Wednesday, July 22, 2015

The Celtic Camino

My guidebook makes a one sentence reference to the fact that the Camino Santiago was a pilgrimage for the Celtic peoples before it was Christian. This makes sense as sacred places and sacred ways tend to remain so through time and the change of nations and religions. After the Celts it was Roman. Now someone commented that the Romans only used the way for trade purposes - I stayed in a village where there are Roman ruins, Calzadilla de los Hermandillos, and I´ve also walked Roman roads still sturdy and cobblestoned - but I doubt this is true as there is at least one altar to Mercury along the way.
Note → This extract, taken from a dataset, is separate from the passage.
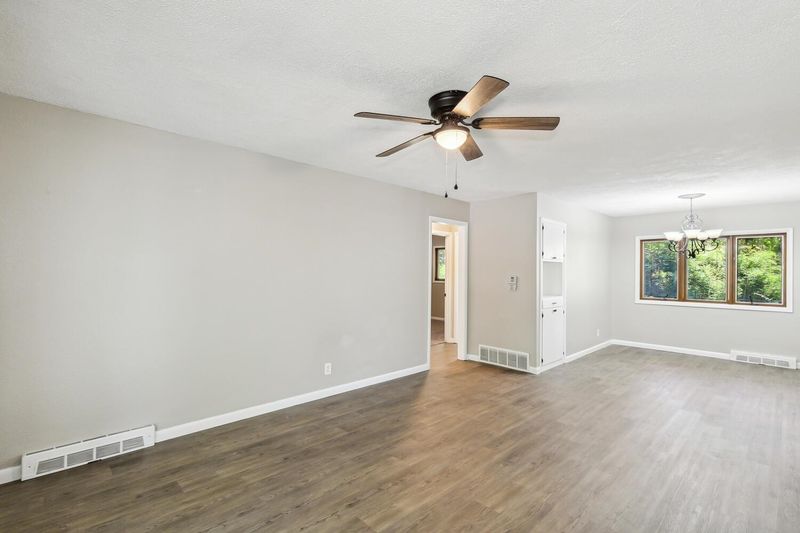 9911 W Hardtner Ave, Wichita, KS 67212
And what better god for walking pilgrims than one with wings on his feet? But it is the Celtic Camino that most interests me as my ancestors would have walked it long before they became Christian. I need to explore this more and when I get home I will talk with my friend Daibhi O Croinin, a professor of Early Irish History at the University of Galway, but here is one thing I´ve noticed. All along the Way there are statues of Santa Maria Dolorosa and she is always in black, sometimes showing a red heart pierced with swords, but not always. And though this Camino is in honour of St James, Maria del Camino, i.e. Mary, the Mother of God and Queen of Heaven, is the patron of the Camino. So I wonder: is this an ancient memory of the Great Goddess, the Mother of the Celtic gods, the Morrigu, the Great Queen? Her colour was black and her birds were the ravens. I had a strange dream before I began thinking about this matter: a veiled female shape, all black, and these words in my mind: I was the first. There´s more but I will keep this for the book.